Press+ Launches a Service to Make Online Video Profitable (Exclusive)

You can start by watching the Microsoft anti-trust trial, but shows from major entertainment companies could be next

Press+, which provides paywalls for the websites of several top newspaper chains, launched a new product Wednesday so entertainment and news companies can charge for their online videos.

The service launched with the trials of the Microsoft antitrust suit, the liability suit in the Virginia Tech shooting and a claim against the manufacturer of surgical robots for sale, all on Courtroom View Network, a video news service that streams trials online. Viewers can watch a few minutes, at which point they will be asked to pay to watch more.

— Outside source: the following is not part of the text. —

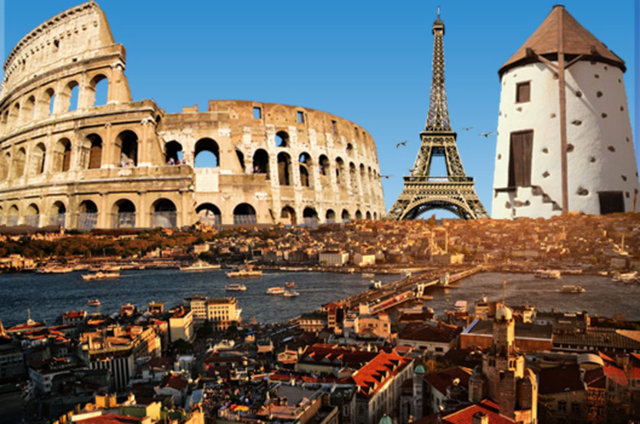 Almanya'nın popüler seyahat dergisi "Travelbook" tarafından hazırlanan "2015 yılında gezilecek 25 şehir" listesinde Türkiye'den o şehir birinci sırada yer aldı.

Co-founded by CourtTV creator Steven Brill (left), Press+ operates what it calls a meter — a technology that charges customers after they consume a certain number of articles. Though it took six months to sign up its first partners in the publishing world, it now works with more than 450 content owners worldwide, including McClatchy (Miami Herald, Sacramento Bee) and MediaNews Group (Denver Post, San Jose Mercury News).

Its new online video product, which also lets people watch a certain amount of video content before they pay, is intended to open up a new revenue stream for newspapers, entertainment companies and advertisers. Everyone from Yahoo to YouTube to ABC wants to figure out how to make more money from online videos.

Also read: Will People Pay for YouTube? Some of Its Biggest Stars Are Not Sold – Yet

“It strikes me that video producers — in entertainment, news and everything in between — are realizing the same thing magazines and newspapers realized a few years ago,” Brill, who founded Press+ with former Wall Street Journal publisher Gordon Crovitz, told TheWrap. “You ain’t gonna make it on advertising revenue alone; you are going to need to get people to pay for content.”

While newspapers like the Journal that produce video could be clients for this new product, Brill argued that the videos that would work best are those that are “long-form” with “some kind of narrative arc.”

That ranges from courtroom dramas to online news to entertainment shows produced by the likes of Yahoo and AOL.

“The way to get people into video stories is to let them watch it for a little while,” Brill said. "You can't have a wall where if you pay you can watch because then if you don't pay you never get to see it."